Research firm Inchcape Shipping Services is reporting just that, as the path to recovery for world trade will not resemble a classic “V” and be much slower than previously thought.

Inchcape’s chief commercial officer Christopher Crookall told Bloomberg:

 “There’s going to be a much slower recovery than has previously been envisaged because demand won’t rebound instantly,” said Crookall.

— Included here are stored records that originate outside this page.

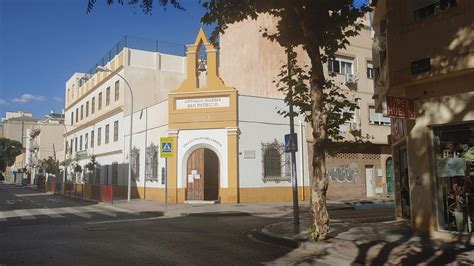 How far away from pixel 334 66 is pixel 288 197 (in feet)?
31.6

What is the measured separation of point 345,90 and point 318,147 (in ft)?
64.4

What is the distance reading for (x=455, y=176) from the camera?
10008mm

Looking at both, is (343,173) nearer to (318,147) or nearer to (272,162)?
(272,162)

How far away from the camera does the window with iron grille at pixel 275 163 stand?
24266mm

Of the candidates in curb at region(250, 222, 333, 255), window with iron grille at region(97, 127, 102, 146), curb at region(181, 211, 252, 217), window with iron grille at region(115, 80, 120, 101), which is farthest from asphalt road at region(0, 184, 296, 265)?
window with iron grille at region(97, 127, 102, 146)

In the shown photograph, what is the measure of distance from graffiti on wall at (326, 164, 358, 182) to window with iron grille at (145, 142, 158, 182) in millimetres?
10387

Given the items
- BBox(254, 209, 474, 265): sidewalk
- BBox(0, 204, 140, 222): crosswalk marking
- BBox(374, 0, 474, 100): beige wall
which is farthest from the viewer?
BBox(0, 204, 140, 222): crosswalk marking

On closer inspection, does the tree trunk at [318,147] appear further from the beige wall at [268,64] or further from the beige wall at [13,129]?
the beige wall at [13,129]

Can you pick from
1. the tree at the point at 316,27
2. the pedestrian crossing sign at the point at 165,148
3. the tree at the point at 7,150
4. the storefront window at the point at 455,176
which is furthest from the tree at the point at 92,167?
the tree at the point at 7,150

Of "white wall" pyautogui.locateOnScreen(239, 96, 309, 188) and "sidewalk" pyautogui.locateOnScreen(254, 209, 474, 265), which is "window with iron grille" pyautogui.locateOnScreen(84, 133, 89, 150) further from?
"sidewalk" pyautogui.locateOnScreen(254, 209, 474, 265)

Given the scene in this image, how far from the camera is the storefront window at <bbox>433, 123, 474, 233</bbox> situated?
9.70 meters

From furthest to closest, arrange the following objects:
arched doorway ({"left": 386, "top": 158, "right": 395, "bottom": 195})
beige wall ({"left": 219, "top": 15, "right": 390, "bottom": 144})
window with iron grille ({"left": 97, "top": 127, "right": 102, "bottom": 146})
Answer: window with iron grille ({"left": 97, "top": 127, "right": 102, "bottom": 146})
arched doorway ({"left": 386, "top": 158, "right": 395, "bottom": 195})
beige wall ({"left": 219, "top": 15, "right": 390, "bottom": 144})

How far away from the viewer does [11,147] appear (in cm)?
9888

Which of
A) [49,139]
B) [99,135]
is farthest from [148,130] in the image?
[49,139] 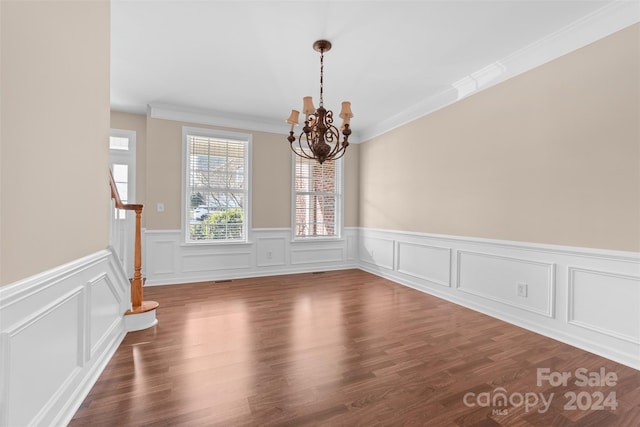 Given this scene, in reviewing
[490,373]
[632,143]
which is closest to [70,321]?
[490,373]

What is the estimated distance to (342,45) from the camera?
108 inches

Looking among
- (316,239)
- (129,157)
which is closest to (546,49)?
(316,239)

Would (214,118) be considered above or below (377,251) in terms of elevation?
above

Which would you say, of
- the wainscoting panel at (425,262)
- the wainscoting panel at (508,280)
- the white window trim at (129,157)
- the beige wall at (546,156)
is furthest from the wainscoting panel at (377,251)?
the white window trim at (129,157)

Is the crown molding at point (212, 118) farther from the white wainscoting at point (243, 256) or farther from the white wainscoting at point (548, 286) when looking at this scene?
the white wainscoting at point (548, 286)

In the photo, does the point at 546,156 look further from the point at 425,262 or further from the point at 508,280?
the point at 425,262

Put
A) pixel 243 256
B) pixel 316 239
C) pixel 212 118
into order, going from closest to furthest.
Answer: pixel 212 118, pixel 243 256, pixel 316 239

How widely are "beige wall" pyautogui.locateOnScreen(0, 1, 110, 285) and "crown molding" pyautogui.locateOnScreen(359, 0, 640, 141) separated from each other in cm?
359

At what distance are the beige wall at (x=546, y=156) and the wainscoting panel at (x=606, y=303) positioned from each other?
262mm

Crookall said the supply-side story in Asia has yet to be revived because the demand story in Europe and North America is offline. Without Western demand, reviving Asian factories will not be possible; thus, world trade won’t rebound.

Inchcape’s most optimistic 2020 scenario for business activity in the global economy (a proxy for physical world trade) is one that will drop 10% YoY.

Another shipping firm, Arrow Shipbroking, said overall trade volumes would plunge by 10-12% YoY, in line with what Inchcape’s estimate says.

Burak Cetinok, head of research at Arrow Shipbroking, said container shipping has plunged due to waning consumer demand in the West. He said dry cargo and tankers had been less affected because those vessels were used as floating storage.

“It seems that the worst is behind us with improvement in Asian demand and the western world slowly coming back to life,” said Cetinok, adding that collapsed consumer demand for energy products has left markets oversupplied.

He said with high unemployment in Western countries, demand for products, many of which are made in Asia, will be much less and result in depressed trade flows.

As for an actual shipper, A.P. Moller-Maersk A/S, the world’s largest container line, warned last month that world trade would continue to falter with volumes declining by at least a quarter in 2Q20.

Maersk dashed all hope that a V-shaped recovery will be seen in the back half of the year, instead suggesting a U-shaped recovery is more plausible.

The World Trade Organization (WTO) published its Goods Trade Barometer in late May, which suggested a sharp contraction in world trade will extend through 2Q.

BofA’s latest Fund Manager Survey, which polled 223 participants with $651 billion in AUM, showed the vast majority of financial professionals remain incredibly bearish on the global economy. Respondents do not expect global manufacturing PMI to rise back above 50 until 4Q20.

Baltic Dry Index provides a glimpse into the status of world trade — so far, world trade is stagnate — though equity markets are soaring as if there was a recovery.

Bonds are not buying the phony V-shaped recovery narrative of an economic rebound.